No Dia da Mentira, em 1º de abril, Sara pregou uma peça em Juliana Lima, 26. Com oito meses na barriga da mãe, chutou e empurrou tanto o útero que parecia não aguentar mais tanta tranquilidade. Queria sair.

"Ela é que nem eu. Não suporto mais ficar parada na cama." A analista de departamento pessoal está de repouso absoluto desde o quase parto prematuro. Por ter de ficar em casa sem se exercitar, sente dores por toda a região da lombar.
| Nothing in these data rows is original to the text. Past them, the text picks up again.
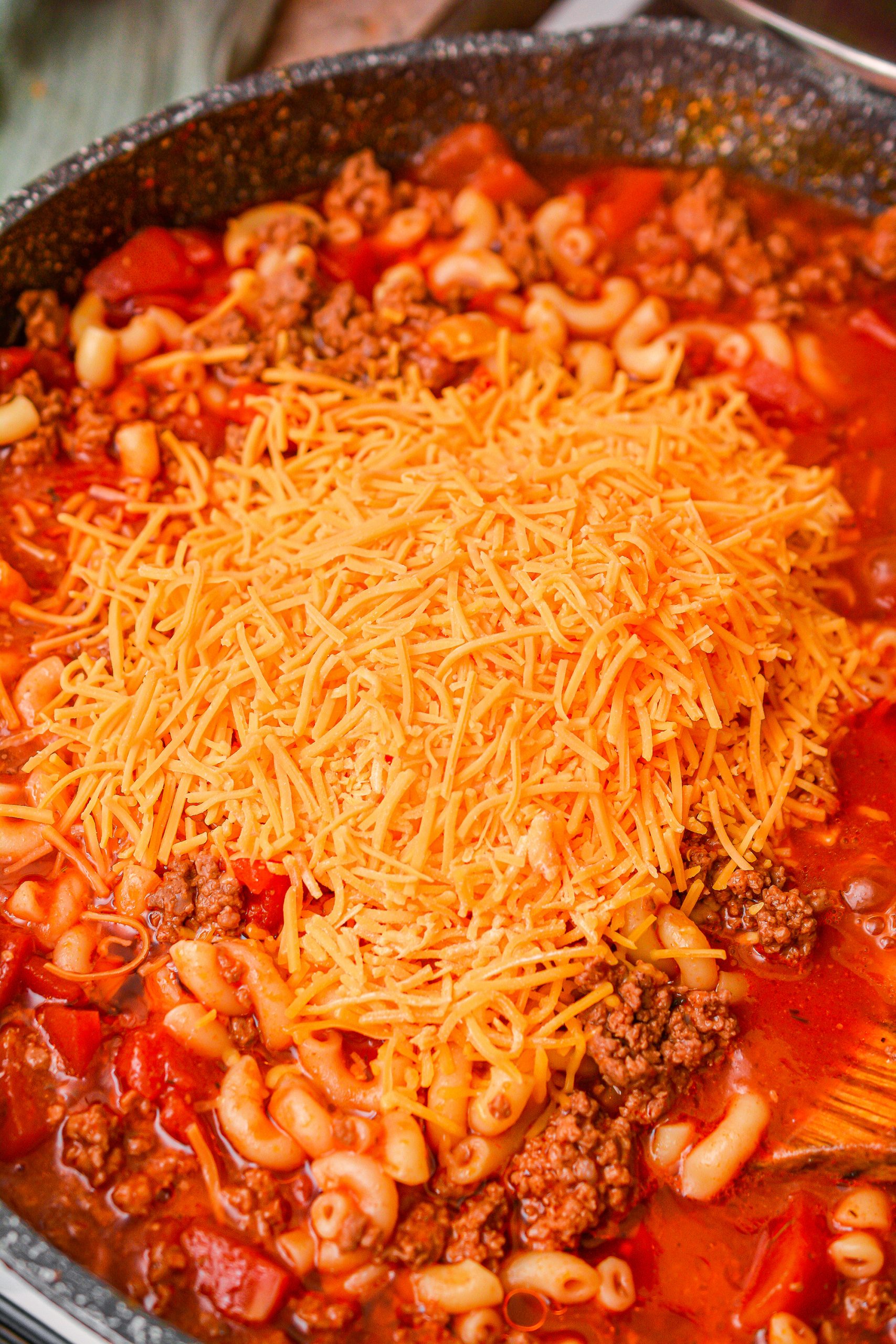 Easy Cheesy Beef Goulash Sweet Pea's Kitchen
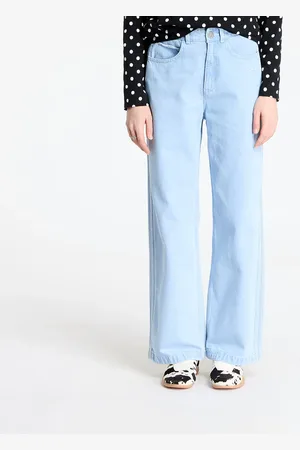 adidas Spijkerbroek adidas Premium Essentials Denim Pant Light Denim 26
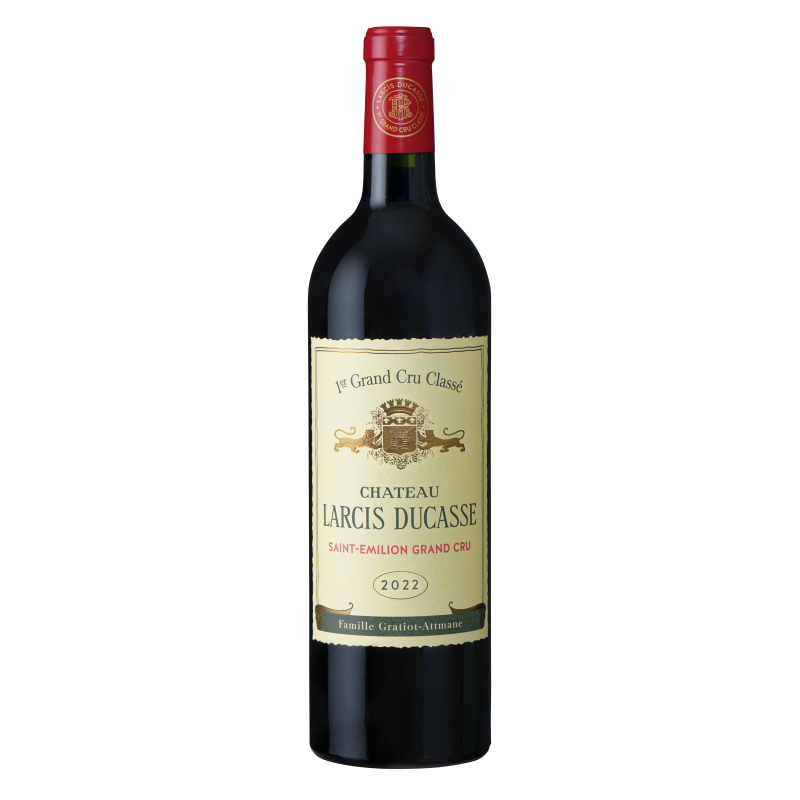 Chteau Larcis Ducasse 2022 - Saint-milion - 1. Grand Cru Class B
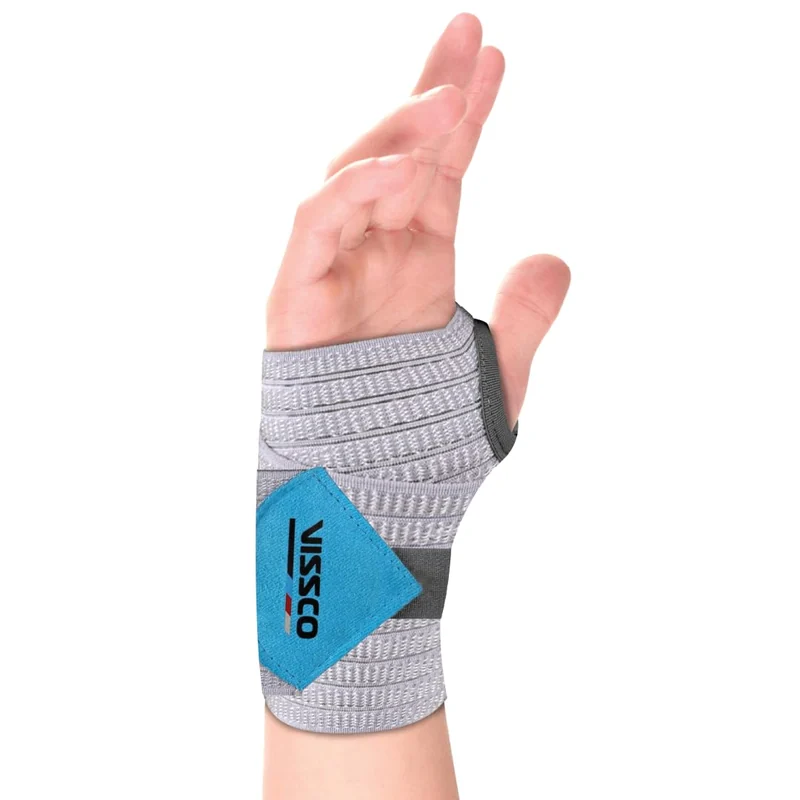 VISSCO WRIST BRACE 0604
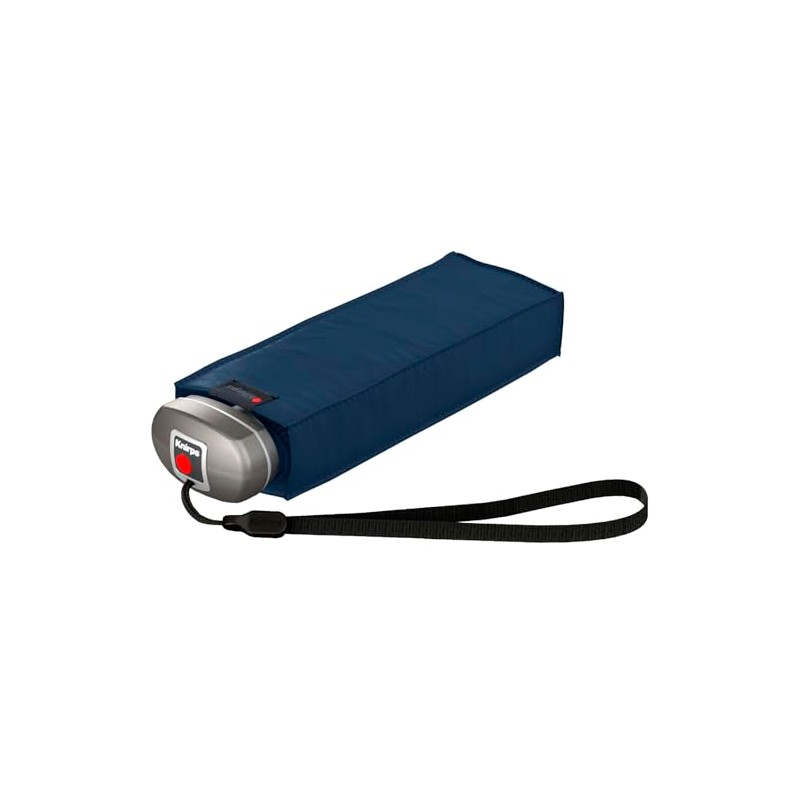 Knirps Travel Pocket Umbrella, dark blue, Modern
"Ia, religiosamente, às 7h para o trabalho e só voltava à noite. Andava muito e malhava. Com a gravidez, ficou difícil até subir escadas", conta. "Minha barriga cresceu bastante e Sara troca a todo momento de posição", diz a gestante, que nem passa a mão na barriga quando a filha fica ouriçada.

"Se não, ela chuta ainda mais, só falta me bater", brinca. Os exercícios semanais próprios para grávidas também foram proibidos pelo médico. "Ia de ônibus ou trem até a academia para gestantes. Saía de casa [em Parelheiros, no extremo sul da cidade] e voltava sem dor alguma.

Após o parto, a primeira coisa a fazer é voltar aos exercícios, diz a gestante. Se Sara deixar, é claro.

SOTAQUE ITALIANO

Esportista, massoterapeuta, hoteleira e, aos 29, mãe de segunda viagem, Thaís Cruz e Silva mudou toda sua rotina e, de quebra, a do marido, para ter o filho no Brasil. O casal vive na região de Aleghe, no norte da Itália, onde são donos de dois hotéis conhecidos por suas estações de esqui.

"É um ambiente de aventura numa paisagem muito bonita. No entanto, não há nada comparável ao carinho da família nesse momento", diz a paulistana, mãe de Sofia, 3.

O marido "engravidou" junto com a mulher, deixando tudo para trás na pequena cidade italiana para passar o último mês de gestação na companhia dela. No dia da foto, há mais de duas semanas, ela estava prestes a dar à luz --o garoto Noah nasceu no último dia 13.

Ciente de que as diferenças culturais podem distanciar os filhos das origens brasileiras, Thaís fala tudo em português. "A criança capta todos os sons e assimila as línguas facilmente. Não vou deixar de falar na minha língua com meus filhos."

Apaixonada por esqui e corrida, ela não vê a hora de completar o mínimo de 20 dias de repouso do pós-parto para voltar a suar. "Toda mulher deveria se exercitar. Eu me sinto muito mais tranquila e certa de que, em forma, a gravidez não se torna um problema."